Tanto il poeta quanto il critico cantano, proprio come Dante nel cielo di Marte, «con tutto ‘l core e con quella favella / ch’è una in tutti»: cercando, cioè, di attingere e di esprimere il nucleo originario, il fondo essenziale, per quanto oscuro, dell’esperienza e della creazione. Ne sorge un’ontologia del linguaggio poetico simile a quella di Celan, alla cui «svolta di respiro» (Atemwende) Merlin dedica riflessioni importanti: avvertiamo, nelle sue pagine, la tensione che attraversa il «cruciale e notturno passaggio» del verbo poetico (ancora, della eliotiana «parola sempredicente», dal senso infinito ed ininterrotto) verso la «terra promessa del senso», pur tra le ferite e i deserti di un mondo da cui Dio sembra essersi, o essere stato, «esiliato».

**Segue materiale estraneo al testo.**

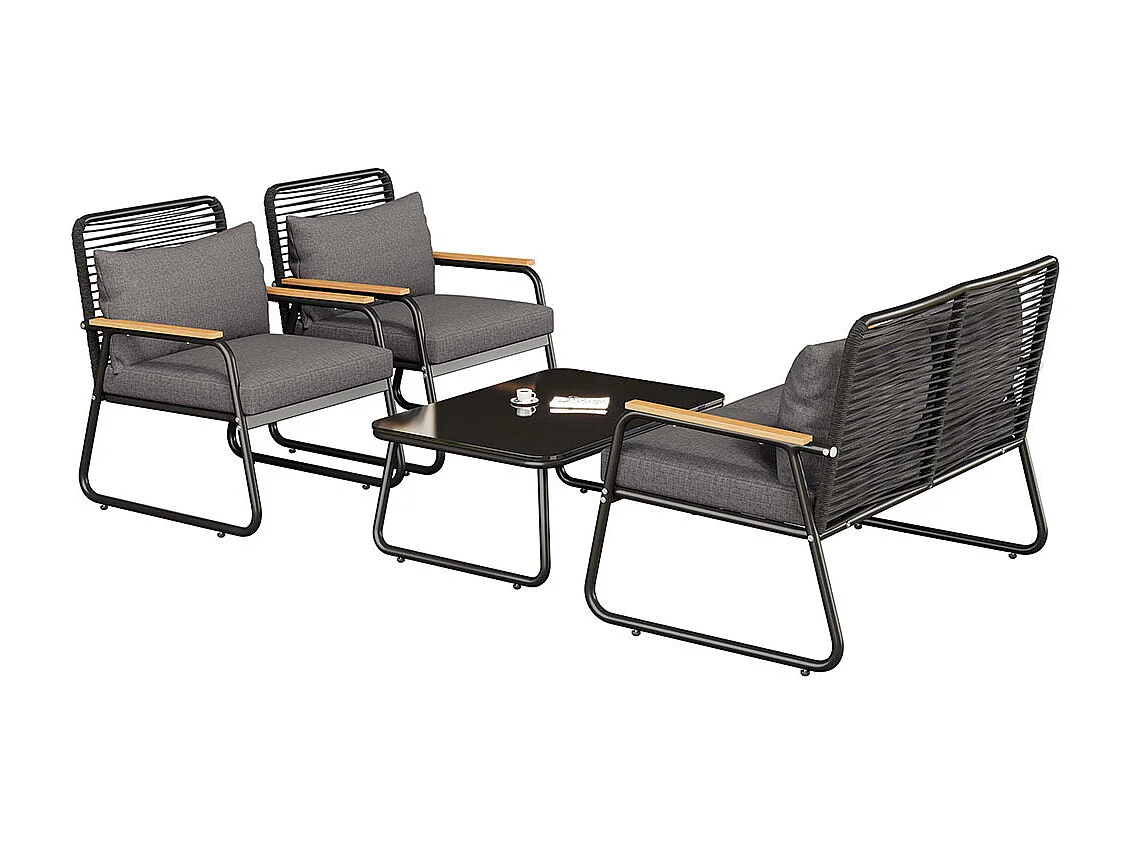 Tuinmeubelset met frame van gegalvaniseerd ijzer, tafelblad van gehard glas, verstelbare tafelpoten met zitvlak en kussens, zwart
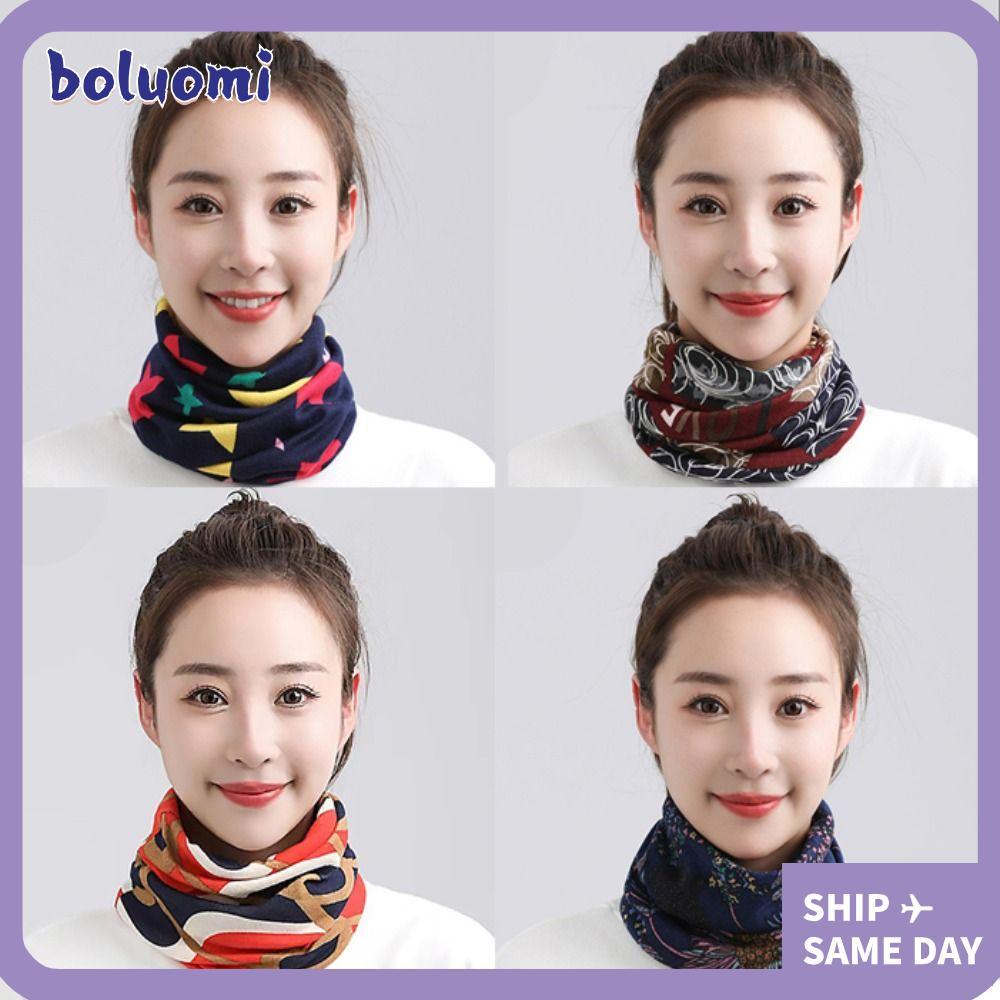 โบลูโอมิ ผู้หญิงพิมพ์ผ้าพันคอ,สบายๆอเนกประสงค์ผ้าฝ้ายนุ่ม ฝากระโปรง ผ้าพันคอ,เท็จปกฤดูใบไม้ร่วงฤดูหนาวคอป้องกันบิดหมวก
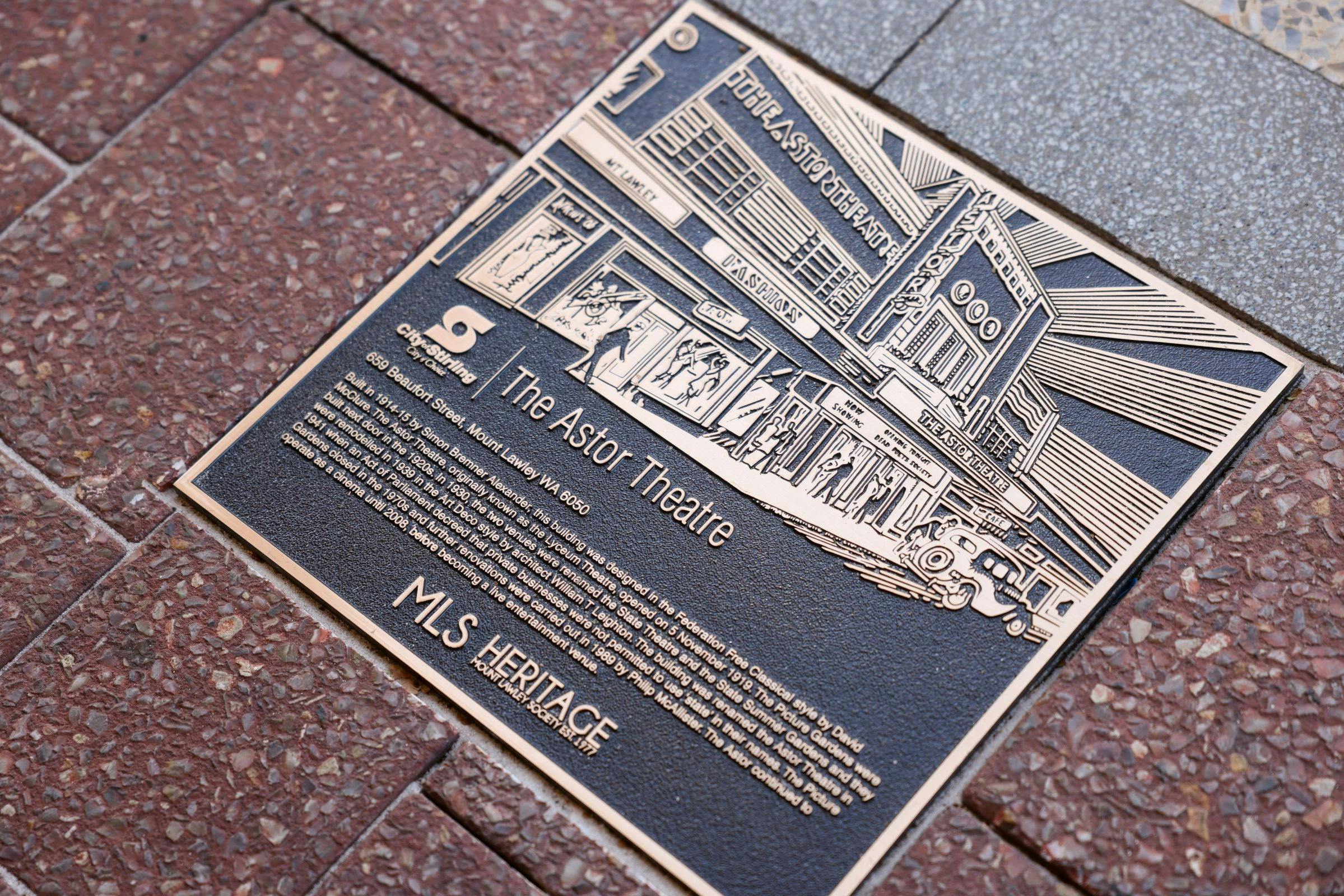 Astor Theatre Plaque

In questo senso, nel cuore di questa convergenza sostanziale, la figura del poeta si avvicina, ancora, a quella del critico – pur se di un «critico imperfetto», animato (per citare, come fa lo stesso Merlin, l’Eliot lettore di Swinburne) da un’«intelligenza impura», pronta cioè ad affrancarsi, a proprio rischio, dalla logica ferrea e rassicurante che è propria tanto del mercato editoriale quanto del metodo accademico, per immergersi in prima persona nel testo e nell’interpretazione, vissuti come Erlebnis, come viva e decisiva esperienza esistenziale che, nella sua fluidità cangiante, permette al poeta di «restare in contatto con la forma specifica del suo pensiero poetante». Proprio nel magma vivo, mobile e ardente di questo leopardiano e heideggeriano «pensiero poetante» – tanto spesso oscurato o distolto dalla chiacchiera mediatica, o viceversa dal tecnicismo accademico – Merlin-Temporelli ha la capacità di reimmergere il lettore. Ed è questo, in ultima analisi, il dono di cui si diceva, e di cui dobbiamo essergli grati.